她開了條門縫背着臉把睡衣往裏塞,忽然一只濕乎乎的手抓住她的胳膊把她往裏拉,徐俏尖叫一聲甩開他的手。

她重新系了圍裙進廚房熱菜。

吃了飯,于森主動去洗碗。徐俏扭不過他,她去冰箱裏把蛋糕拿出來在茶幾上擺好。

于森出來走到沙發上坐下,徐俏坐在他的腳邊靠在他的腿上。徐俏只點了一根蠟燭,她扭回頭說:“許個願吧。”

他現在沒什麽心願了,唯一的心願可能就是能早點和徐俏結婚吧。

不過,現在還不着急。

于森伸手摸了摸她的頭溫聲說:“我所有的願望都實現了。”

“那也得許一個啊。”徐俏拉起他的手。

“那就希望我的俏俏永遠開心。”他雙手合十許願,然後吹滅了蠟燭。

徐俏盯着他,此刻心中柔軟的一塌糊度。

兩個人互相喂了幾口蛋糕,她把蛋糕收了起來,大晚上的吃甜的委實不太健康。

于森伸手去拿快遞盒,剛才徐俏光顧着去找他的睡衣,沒看見快遞盒裏還有東西。

“這是什麽?”徐俏擡起身問。

于森沒說話,笑的卻讓徐俏心裏有點發毛。

于森把她拉進卧室關上門,把她摁在門後。俯下身在她耳邊說:“換上給我看看。”

徐俏:“?”

于森手一抖,衣服從他手上散開。徐俏這才看清楚,于森手裏拿了一條蕾絲吊帶裙。

這是什麽鬼?

徐俏簡直不敢相信自己的眼睛。

于森見她不動,擡手就去解她的扣子。徐俏搶過他手裏的睡衣甩下一句“我去洗澡”就跑進了浴室。

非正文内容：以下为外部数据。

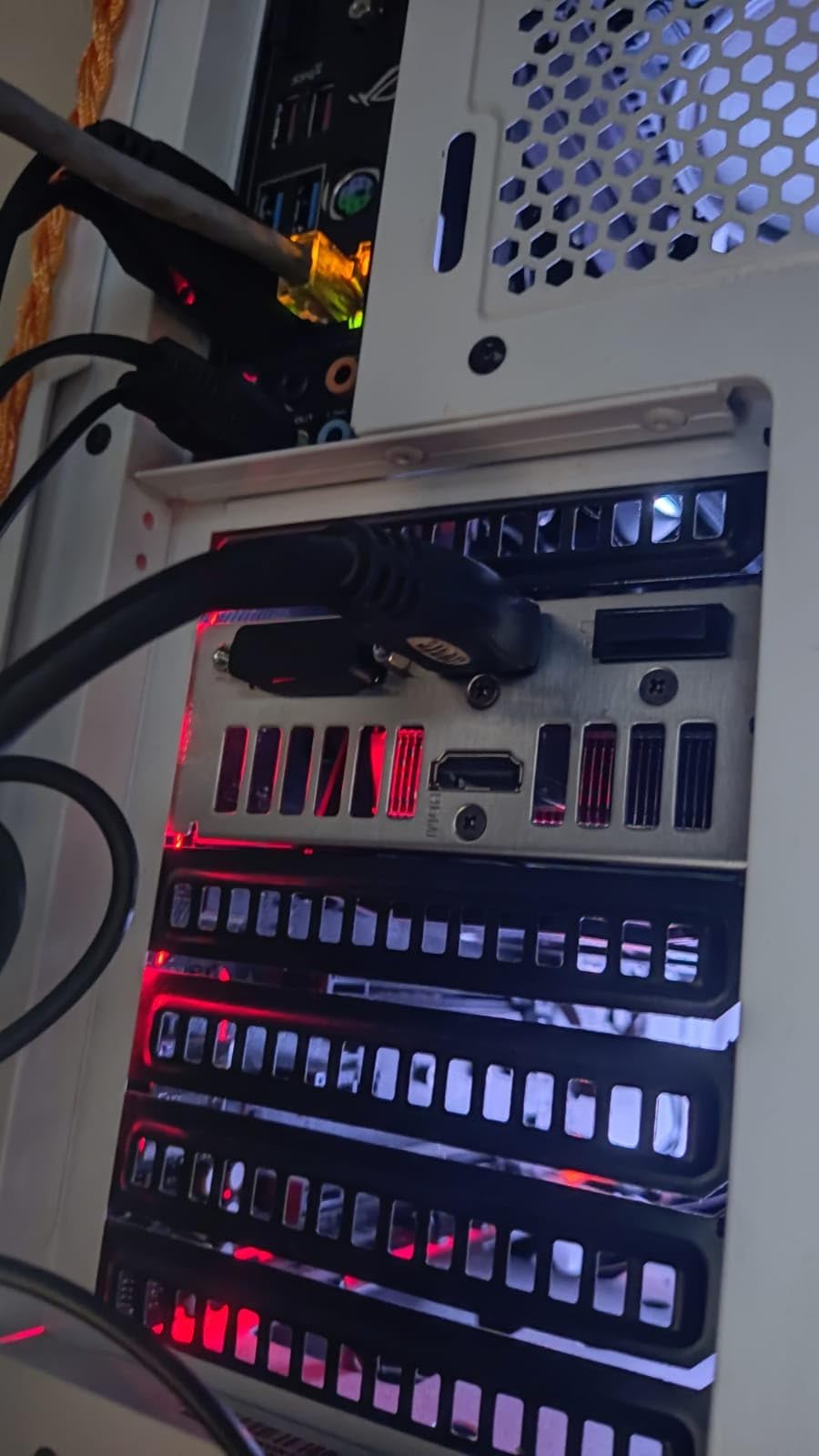 ASUS GeForce RTX 2060 Overclocked 6G GDDR6 Dual-Fan EVO Edition VR Ready HDMI DisplayPort DVI Graphics Card (DUAL-RTX2060-O6G-EVO) customer photo 1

他回來的時候出租車把他送到了樓下,結果忽然想起什麽,又冒雨去了便利店,回來的時候衣服全都濕透了。

他把卧室的光調暗,又去客廳找自己的包,從裏面把冒雨去買的小雨傘拿了出來放在了床頭。

徐俏在睡睡裙外面套上了原本的睡衣,于森就知道她會這樣,所以一直在浴室門口等着她。

待她一走出來就從後面抱住她去解她的扣子。

雪白的皮膚被黑色的蕾絲包裹着。

一瞬間腎上腺素極速飙升,一股熱血湧上了大腦。

結束以後于森抱着她去洗了澡,洗完把她放在洗手池的鏡子前,拿過吹風機給她吹頭發。徐俏腿軟站不穩,幾乎是靠在他身上。

快要吹完的時候徐俏一回頭,于森只見她雙頰緋紅。

他突然眼前一亮。

急不可耐的又直接沖了進去。

爸爸

徐俏醒來的時候發現她整個人窩在于森的懷裏,身上已經換上了幹淨的睡衣。

腰好酸啊!

她就知道,昨天她昏過去了于森也沒有放過她。

真是狗!

徐俏動了動雙腿,感覺有什麽東西從下身流了出來。她頓時覺得不妙,掙紮着起身去衛生間。

昨天晚上最後那次,他居然沒戴套!

她正坐在馬桶上發呆,于森推門而入。

“怎麽起這麽早?”

徐俏不說話,于森不解的問:“怎麽了?”

“你怎麽不用。”

于森愣了一下,剛睡醒腦袋有點暈。反應半天才明白她說他昨晚沒用小雨傘。

他本來想回卧室來拿的。結果徐俏軟的像一灘水貼在他身上,一觸即發,他哪裏還顧得上別的。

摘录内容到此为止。